• Aim of the task
Among the lines below, the one containing "Top, Electric blue" opens the range and the one containing "LAGAAN: ONCE UPON" closes it. Print that range exactly, without the pictures.
++++ Data listing
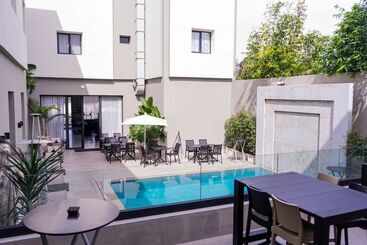 هاستل Urban Hotel And Spa
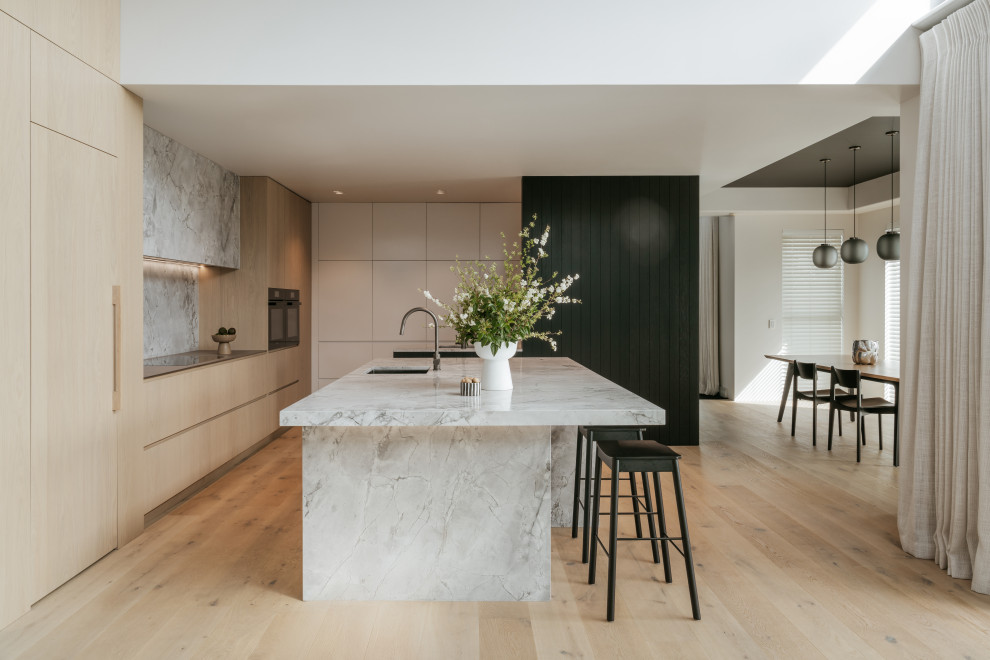River Road House - Modern - Kitchen - Hamilton - by Kathrine McDonald ...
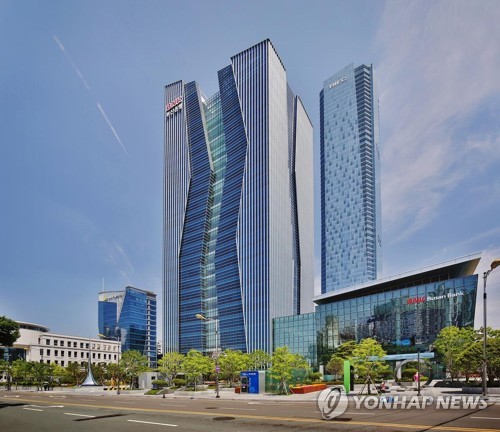 BNK금융지주 작년 당기순이익 5천21억원…24.6%↑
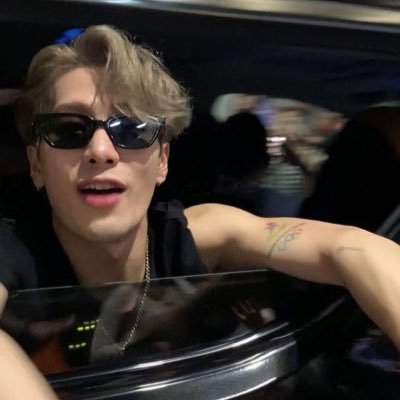 K-pop stan💜, leo♌️, any pronouns, art lover 💫🤚🏼 and other shit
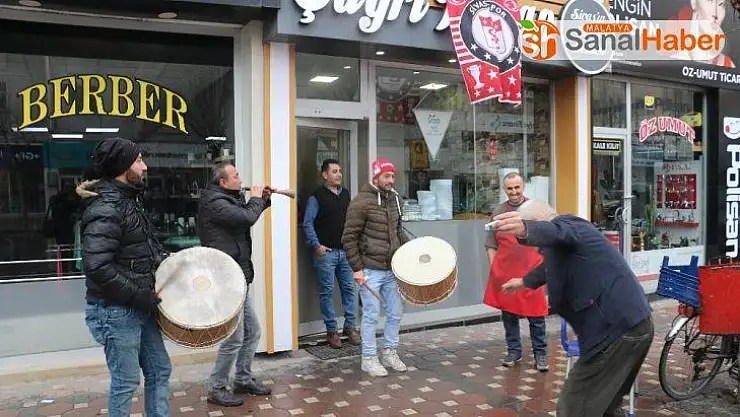 Liderin maçına davullu-zurnalı davet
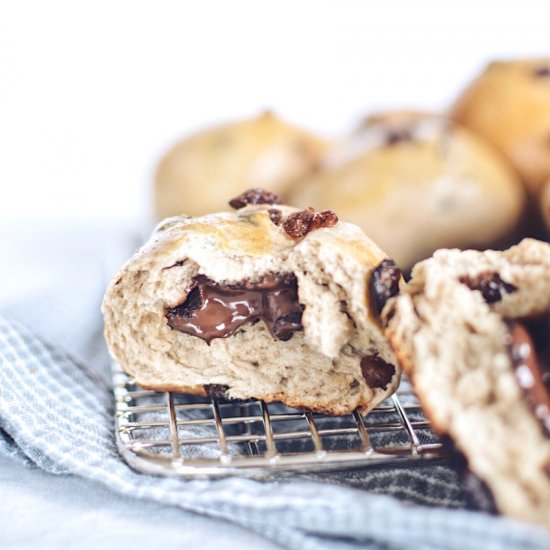 Chocolate Cinnamon Raisin Buns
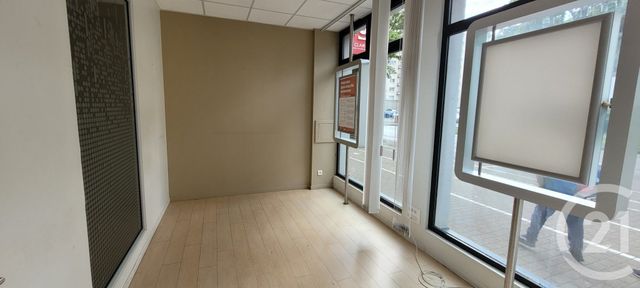 Local commercial à louer - 180.0 m2 - 68 - Haut-Rhin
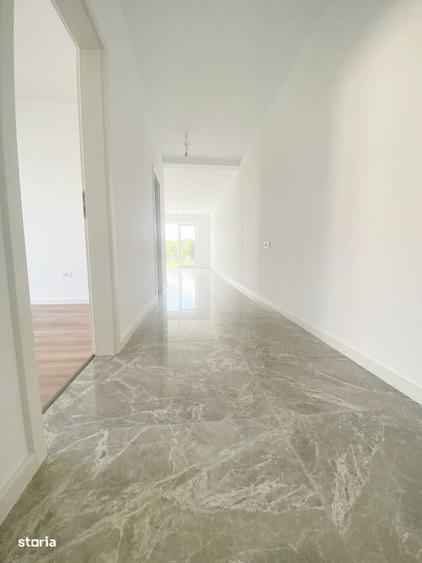 Casă cu 3 camere decomandat în Ghiroda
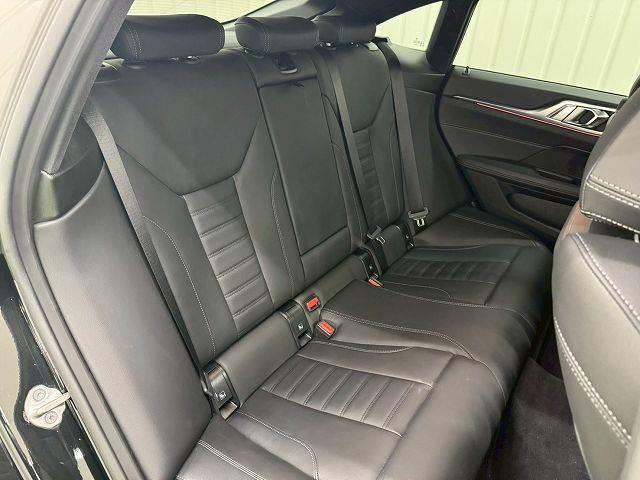 4シリーズ 420d xDriveグランクーペ Mスポーツ 黒革シート/オプション19inアルミ/ハイラインPKG/カーボンファイバーインパネ/シートヒーター/AppleCarPlay/電動リアゲート/ETC/クリアランスソナー/ドライブレコーダー/電動シート(10枚目)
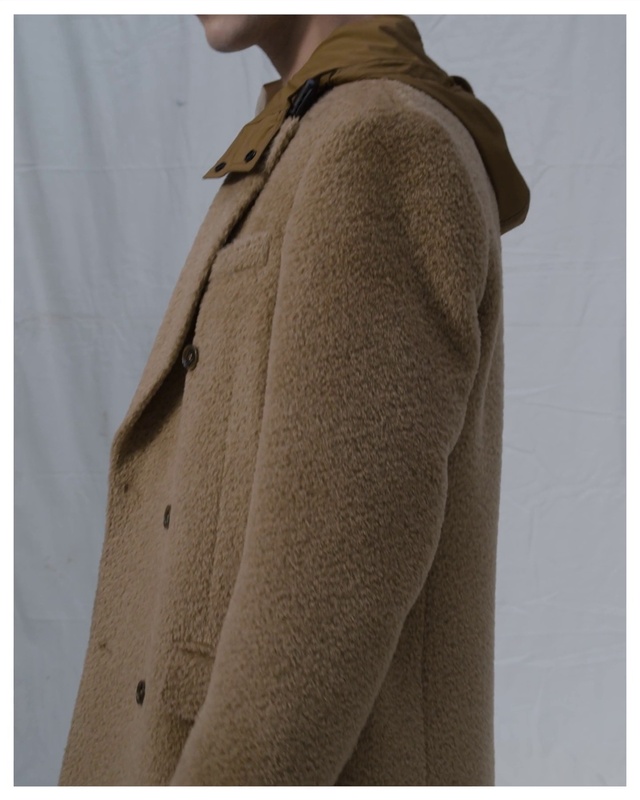 Video Reference: Sleeve, Collar, Grey, Beige, Overcoat, Blazer, Natural material, Peach, Top, Electric blue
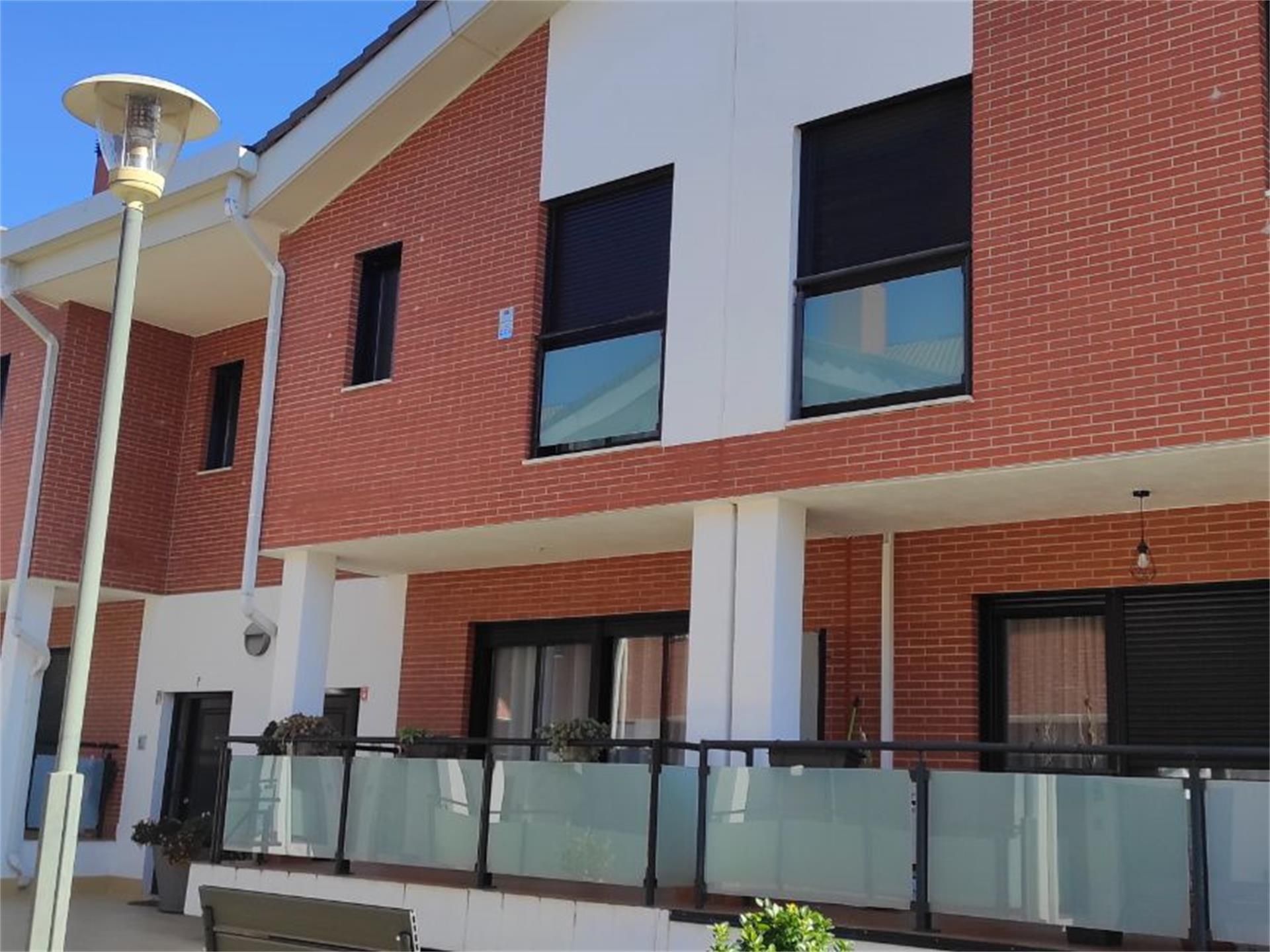 Casa adosada en venda a Calle Nueva, 6, Santa Cruz del Retamar pueblo Vista exterior de Casa adosada en venda en Santa Cruz del Retamar amb Aire condicionat, Terrassa i Piscina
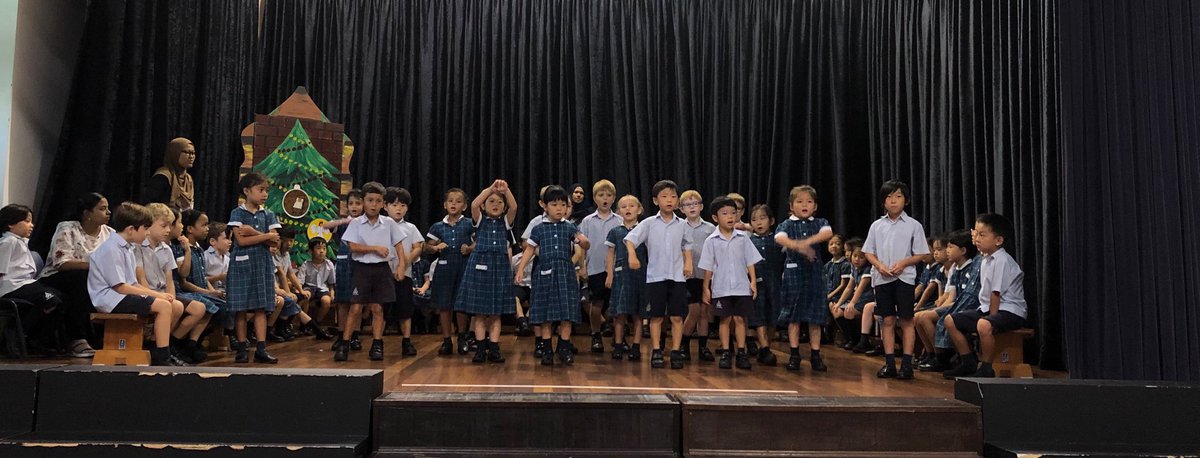 MCMPrepSchool's tweet photo. Sneak preview of โLights Camel Action!โ #MCM1family #nativitytime #stars #tearsoflaughter https://t.co/BDqq6N9goC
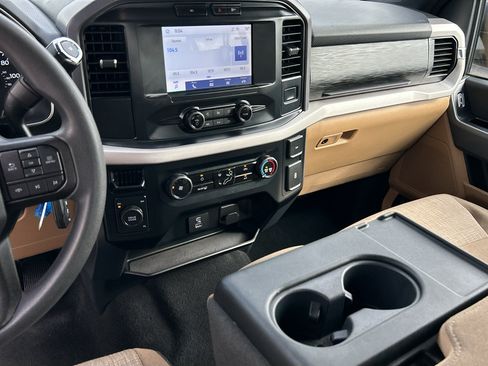 Used 2023 Ford F150 XLT AWD/4WD image 12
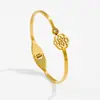 Fábrica en stock al por mayor moda coreana personalidad simple titanio mariposa pulsera hebilla de resorte diseño chapado 18k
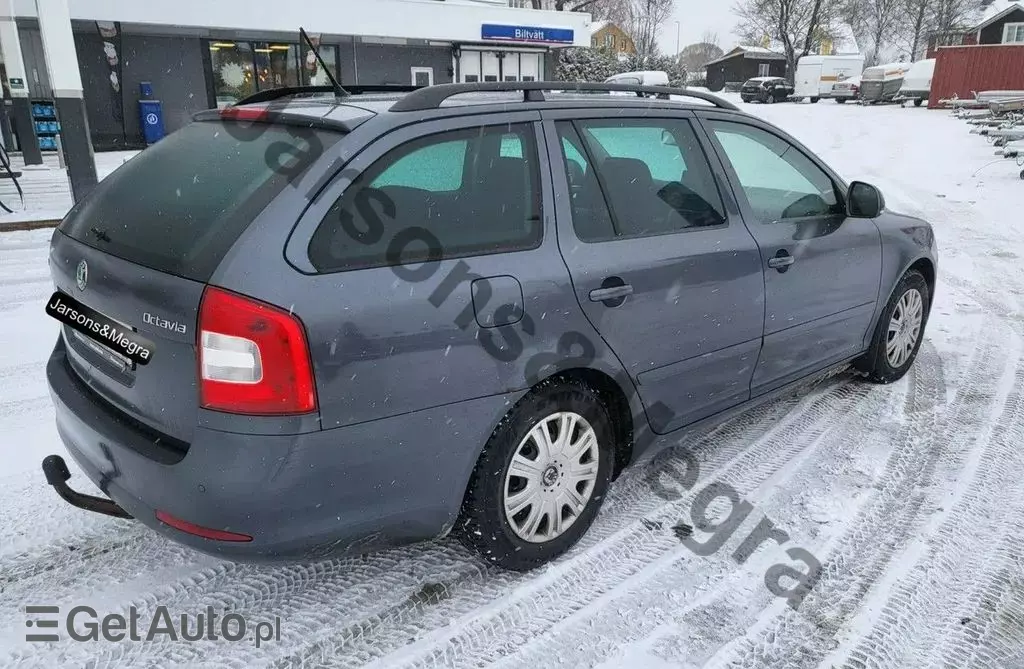 SKODA Octavia 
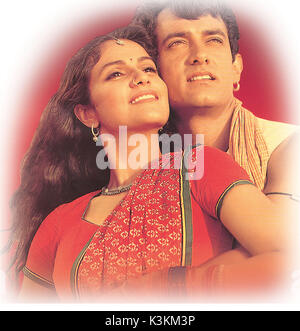 LAGAAN: ONCE UPON A TIME IN INDIEN GRACY SINGH, AAMIR KHAN Datum: 2001 Stockfoto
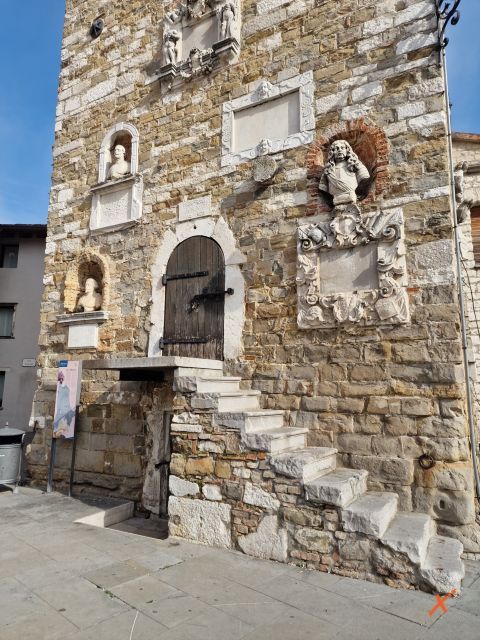 I gradini di accesso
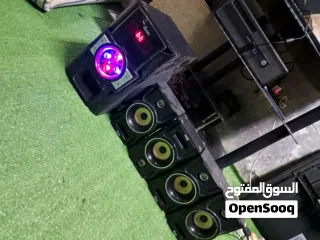  2 1 big & 4 small Bofors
++++++++
• Expected answer
 Video Reference: Sleeve, Collar, Grey, Beige, Overcoat, Blazer, Natural material, Peach, Top, Electric blue
 Casa adosada en venda a Calle Nueva, 6, Santa Cruz del Retamar pueblo Vista exterior de Casa adosada en venda en Santa Cruz del Retamar amb Aire condicionat, Terrassa i Piscina
 MCMPrepSchool's tweet photo. Sneak preview of โLights Camel Action!โ #MCM1family #nativitytime #stars #tearsoflaughter https://t.co/BDqq6N9goC
 Used 2023 Ford F150 XLT AWD/4WD image 12
 Fábrica en stock al por mayor moda coreana personalidad simple titanio mariposa pulsera hebilla de resorte diseño chapado 18k
 SKODA Octavia 
 LAGAAN: ONCE UPON A TIME IN INDIEN GRACY SINGH, AAMIR KHAN Datum: 2001 Stockfoto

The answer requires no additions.